• DIRECTIONS FOR THIS TASK: What you print should match the entries exactly, only without the pictures.

• DATA SHOWN:
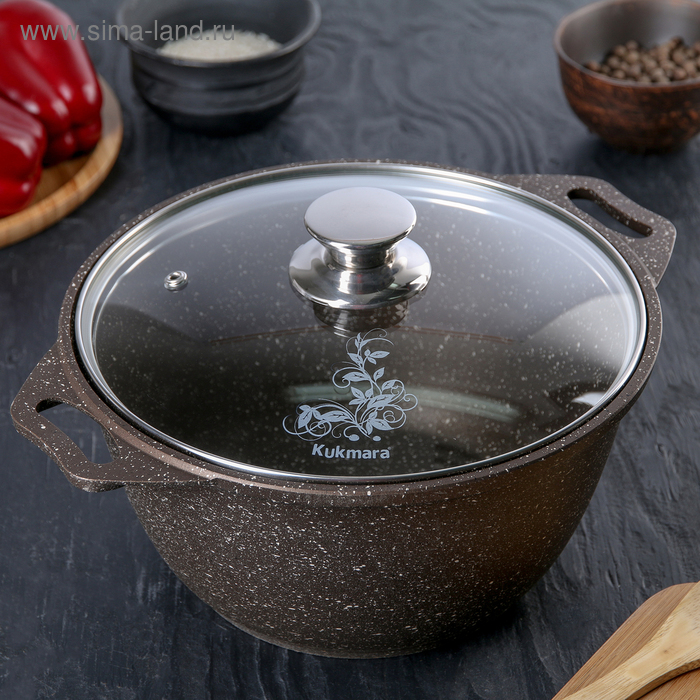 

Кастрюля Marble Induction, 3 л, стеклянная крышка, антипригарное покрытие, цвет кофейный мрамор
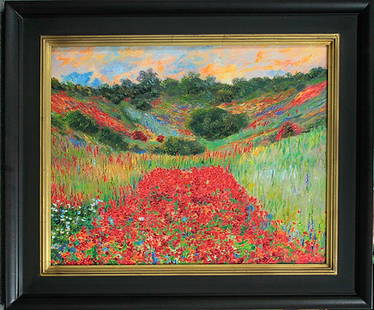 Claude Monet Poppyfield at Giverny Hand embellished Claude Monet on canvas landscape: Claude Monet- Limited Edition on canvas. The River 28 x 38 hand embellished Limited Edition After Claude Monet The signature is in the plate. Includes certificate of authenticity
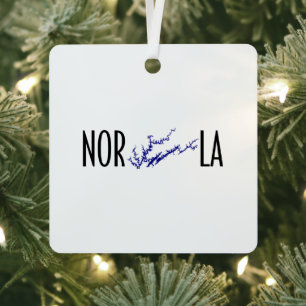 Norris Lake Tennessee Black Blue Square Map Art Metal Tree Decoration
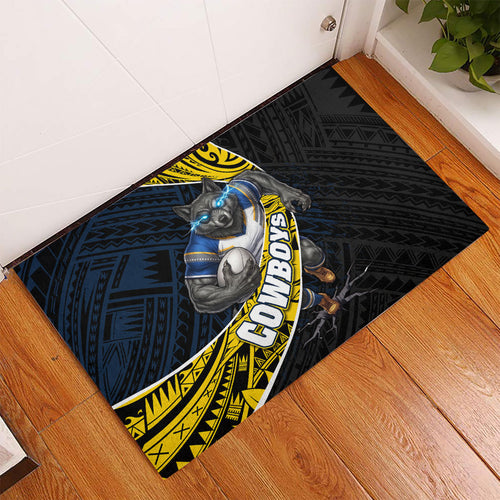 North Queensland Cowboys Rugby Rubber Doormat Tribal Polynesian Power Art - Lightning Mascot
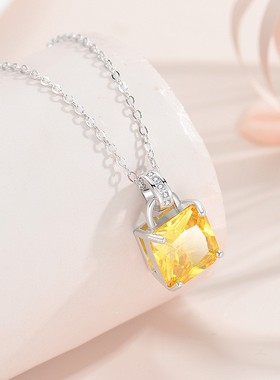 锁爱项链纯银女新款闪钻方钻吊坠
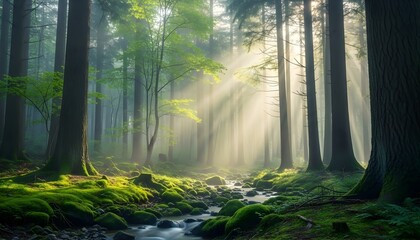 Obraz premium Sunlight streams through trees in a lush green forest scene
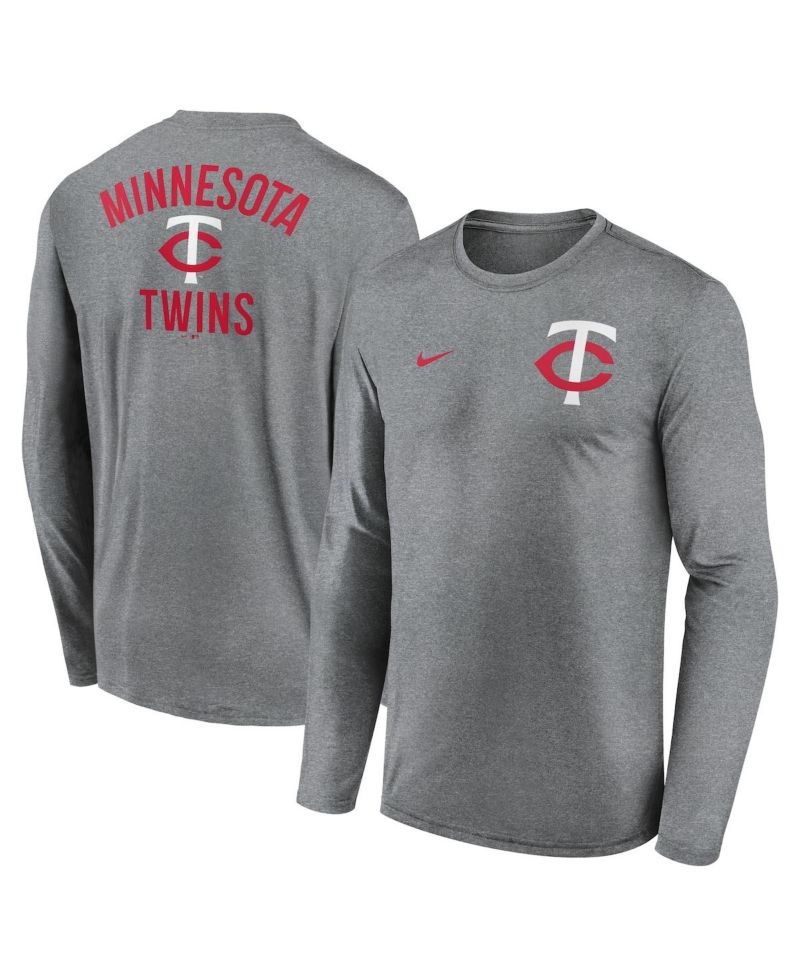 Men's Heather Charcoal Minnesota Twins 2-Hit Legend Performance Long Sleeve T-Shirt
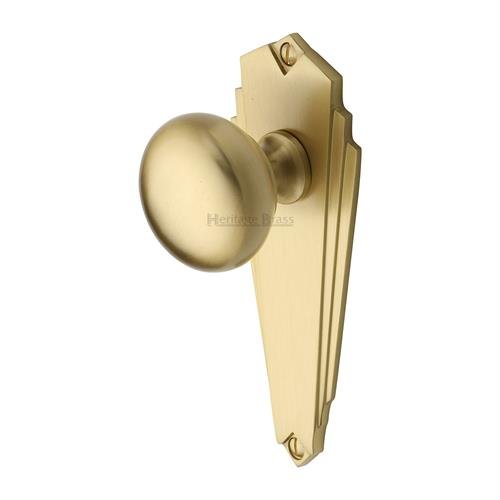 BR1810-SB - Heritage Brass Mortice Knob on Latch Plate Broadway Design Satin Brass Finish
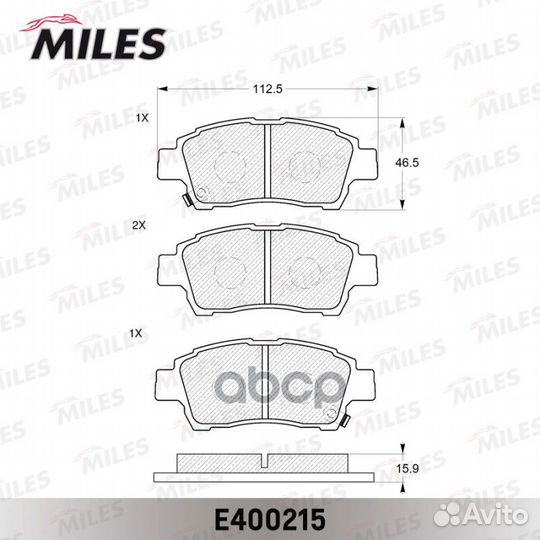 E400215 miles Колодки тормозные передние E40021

• OUTPUT FOR THIS EXERCISE:
Кастрюля Marble Induction, 3 л, стеклянная крышка, антипригарное покрытие, цвет кофейный мрамор
 Claude Monet Poppyfield at Giverny Hand embellished Claude Monet on canvas landscape: Claude Monet- Limited Edition on canvas. The River 28 x 38 hand embellished Limited Edition After Claude Monet The signature is in the plate. Includes certificate of authenticity
 Norris Lake Tennessee Black Blue Square Map Art Metal Tree Decoration
 North Queensland Cowboys Rugby Rubber Doormat Tribal Polynesian Power Art - Lightning Mascot
 锁爱项链纯银女新款闪钻方钻吊坠
 Obraz premium Sunlight streams through trees in a lush green forest scene
 Men's Heather Charcoal Minnesota Twins 2-Hit Legend Performance Long Sleeve T-Shirt
 BR1810-SB - Heritage Brass Mortice Knob on Latch Plate Broadway Design Satin Brass Finish
 E400215 miles Колодки тормозные передние E40021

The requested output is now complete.